Assyria had already conquered Phoenicia, metaphorically cutting down its kings (“its tall cedars and its choice cypresses”). Assyria had “dug wells and drank waters,” that is, it had taken full control of foreign lands. It had “dried up all the rivers of Egypt.” In other words, Assyria had already devastated Egypt, which depended upon its rivers and canals.
Yet Assyria failed to recognize that God Himself had raised them up to bring judgment upon Israel and Judah on account of their continual violation of the law and their lack of true faith. The king’s ignorance of the situation made him arrogant, thinking he had done all of this by his own free will. For this reason, he did not hesitate to reproach the Lord.

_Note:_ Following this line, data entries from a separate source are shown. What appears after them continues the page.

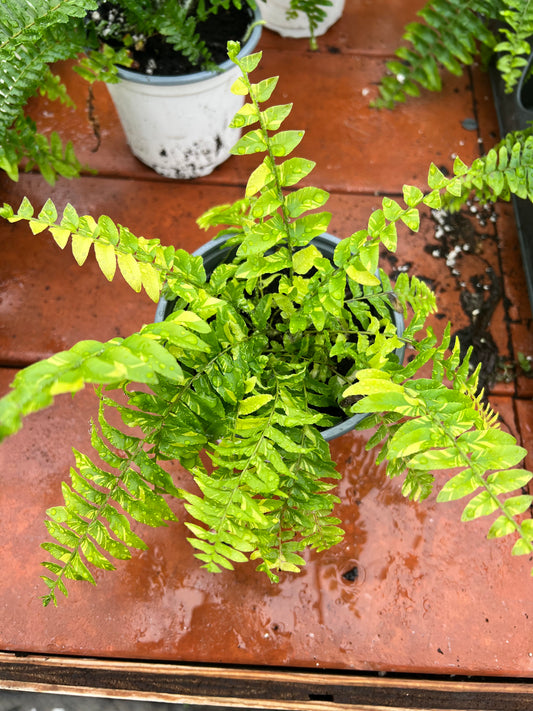 Boston Fern-variegated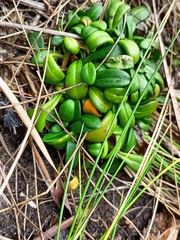 Gentianella saxosa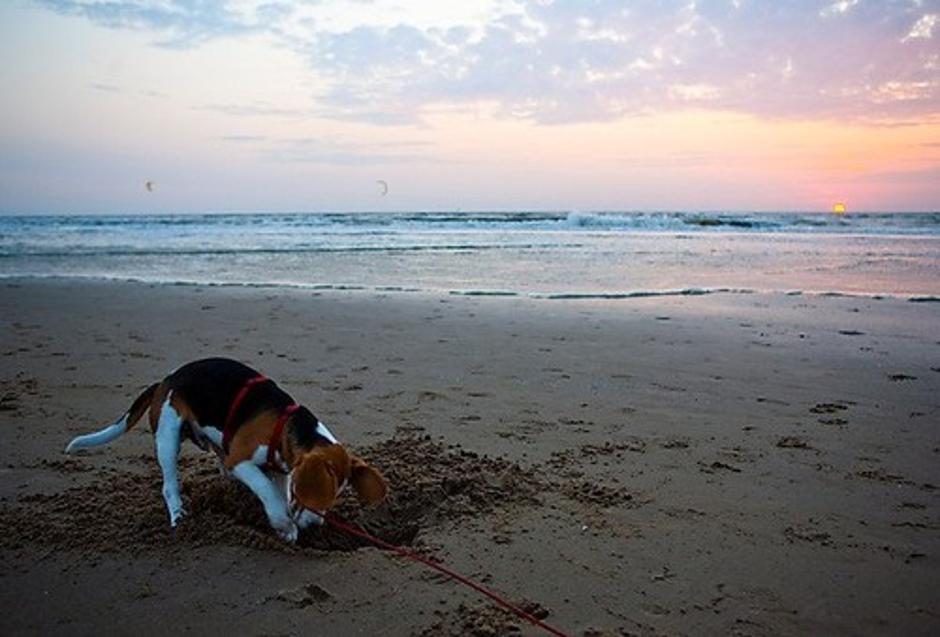 Pes na plaži | Avtor: Profimedias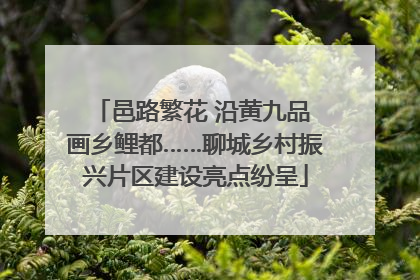 邑路繁花 沿黄九品 画乡鲤都……聊城乡村振兴片区建设亮点纷呈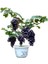 Murat Tohum Bodur Bonsai Siyah Üzüm Ağacı Tohumu 5 Adet Tohum 2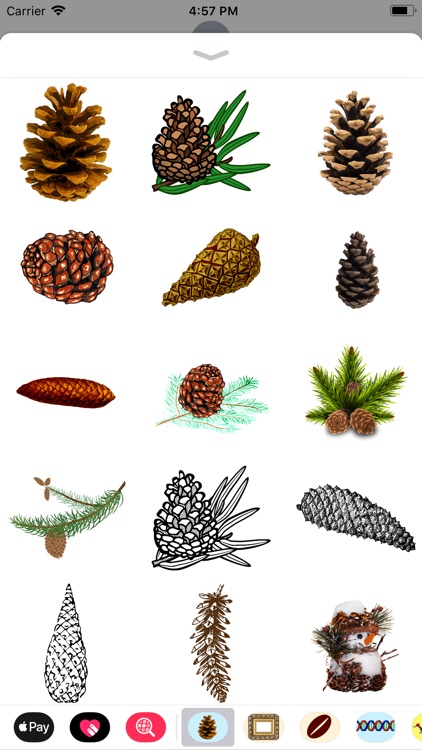 Pine Cone Stickers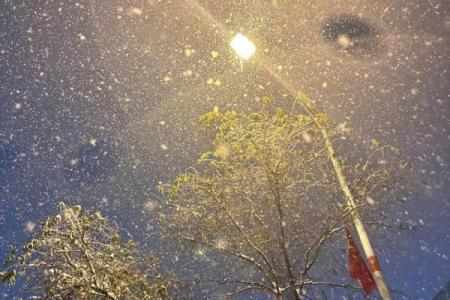 梦见自己家下雪是什么征兆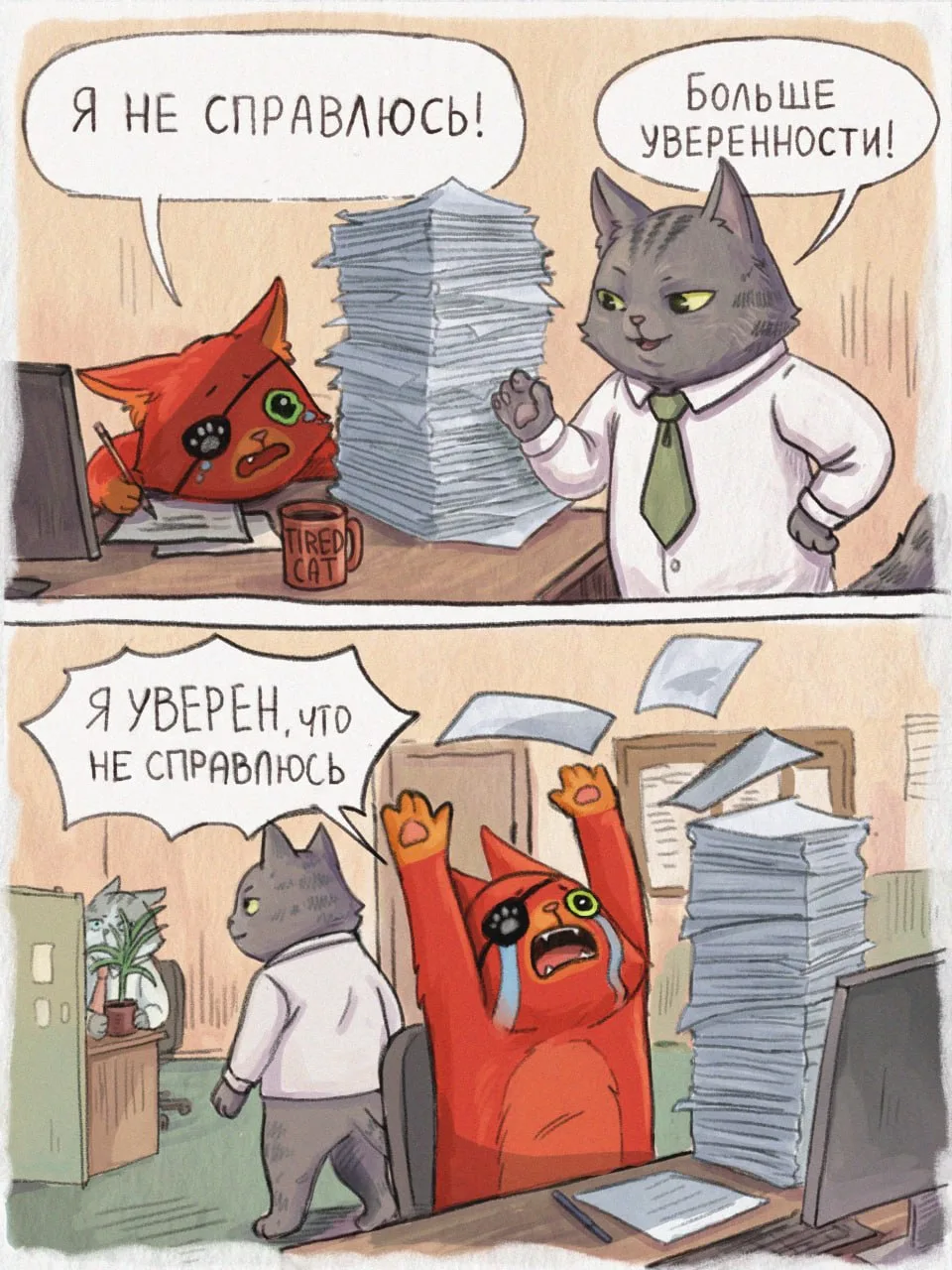 кот уверенности
___________________
Пеппер кот / Pepper сat
#пепперкот #peppercat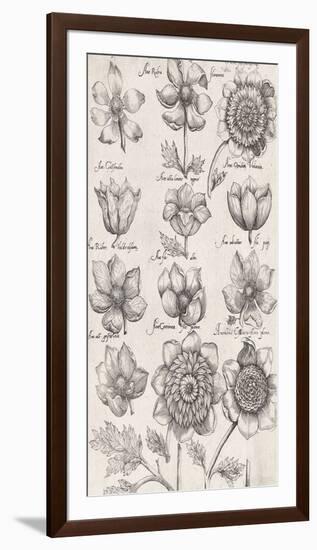 Anemone Cultivars-The Vintage Collection-Framed Giclee Print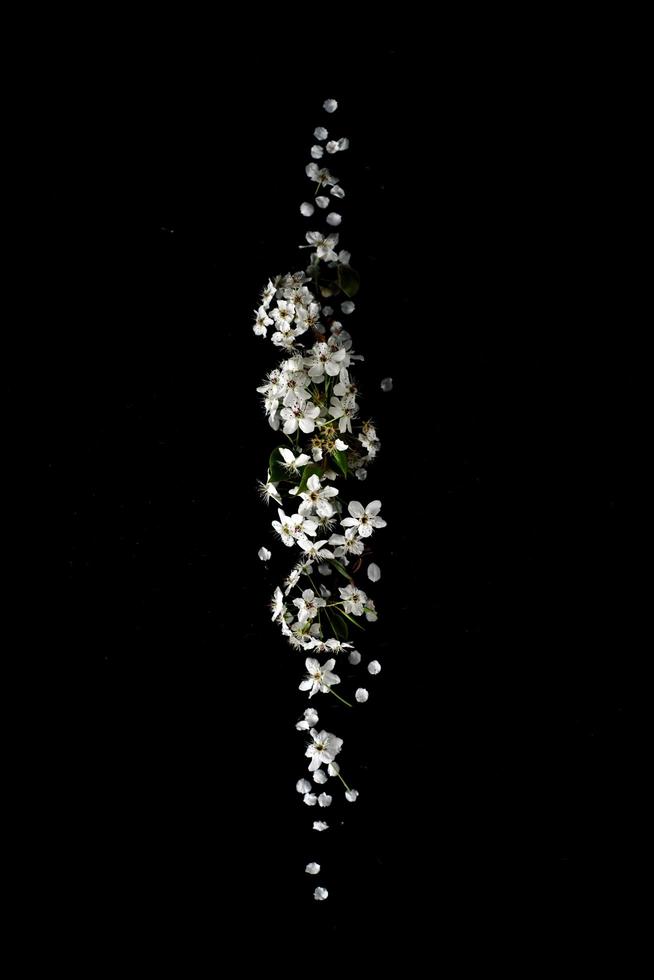 Vertical white flower arrangement  photo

Isaiah 37:26, 27 gives God’s response,
26 “Have you not heard? Long ago I did it, from ancient times I planned it. Now I have brought it to pass, that you should turn fortified cities into ruinous heaps. 27 Therefore their inhabitants were short of strength. They were dismayed and put to shame; they were as the vegetation of the field and as the green herb, as grass on the housetops is scorched before it is grown up.”

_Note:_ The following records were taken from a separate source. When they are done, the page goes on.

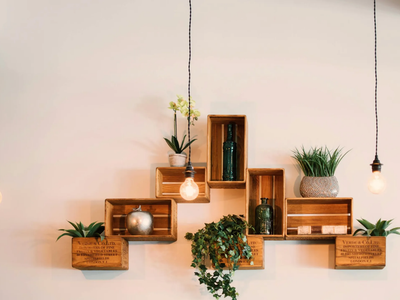 No tires las lamparitas quemadas: mirá esta hermosa idea para decorar con tus plantas de agua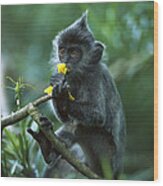 Silvered Leaf Monkey Eating Flowers Wood Print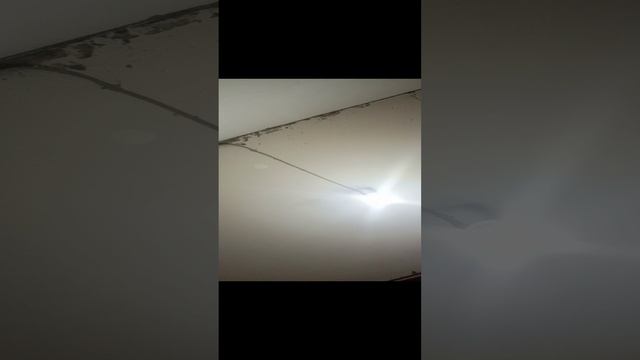 1000004501.mp4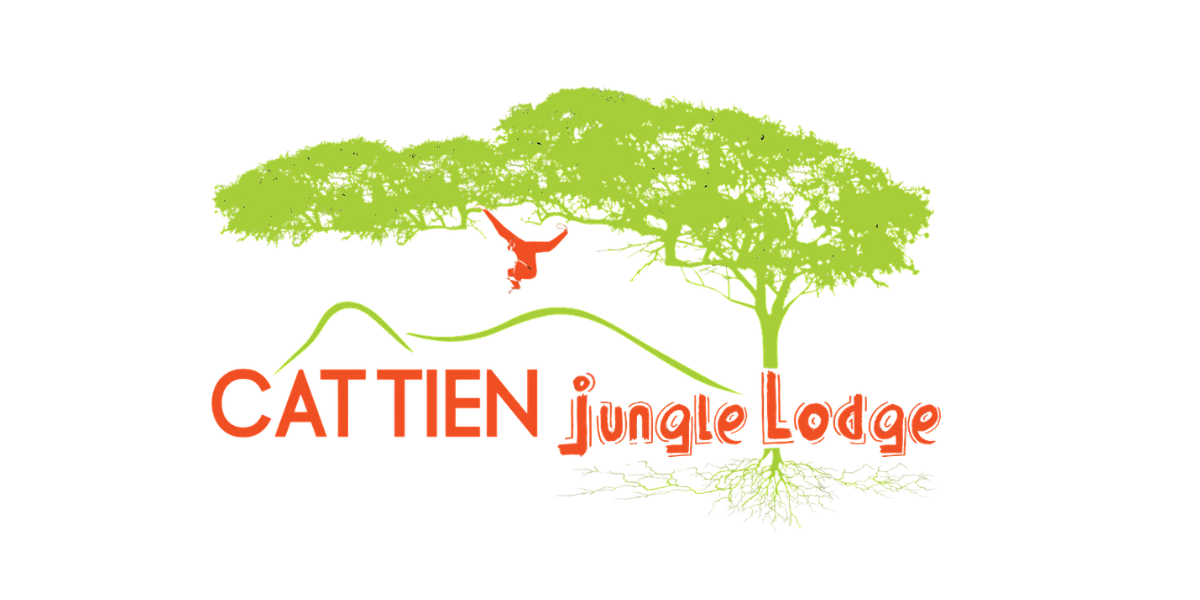 Cát Tiên Jungle Lodge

The script had been prewritten before the creation of the world. God had planned it out from the beginning that Assyria would “turn fortified cities into ruinous heaps.” There is no question that God is indeed sovereign and that this powerful king of Assyria was not acting on his own free will. He was following the script to the letter.
This revelation foreshadowed that which is found in Isaiah 45.
It was because of God’s planning that the fortified cities “were short of strength” and could not withstand the Assyrian assault. God’s plan was for those cities to resemble “grass on the housetops,” which, because of the heat and the lack of cool soil, “is scorched before it is grown up.”
Isaiah 37:28, 29 concludes the word regarding Assyria’s “free will.”
28 But I know your sitting down and your going out and your coming in and your raging against Me. 29 Because of your raging against Me, and because your arrogance has come up to My ears, therefore I will put My hook in your nose and My bridle in your lips, and I will turn you back by the way which you came.
God tells the Assyrian king that he cannot do anything without God’s knowledge and direction. The king’s arrogance is in the fact that he thought his will stood above the will of God. He thought he had planned his wars independently. God calls this “arrogance.”
But Assyria was only an ox or a horse in the sight of God. In other words, Assyria was God’s servant. For this reason, God would put a hook in the nose of the ox and a bridle in the mouth of the horse. When a hook is put into the nose of an ox, the animal loses any “free will” he may have thought that he possessed. He must do the will of his master.
This too was part of the divine plan that was written “from ancient times.” The sovereignty of God is a lesson that all men must learn some day.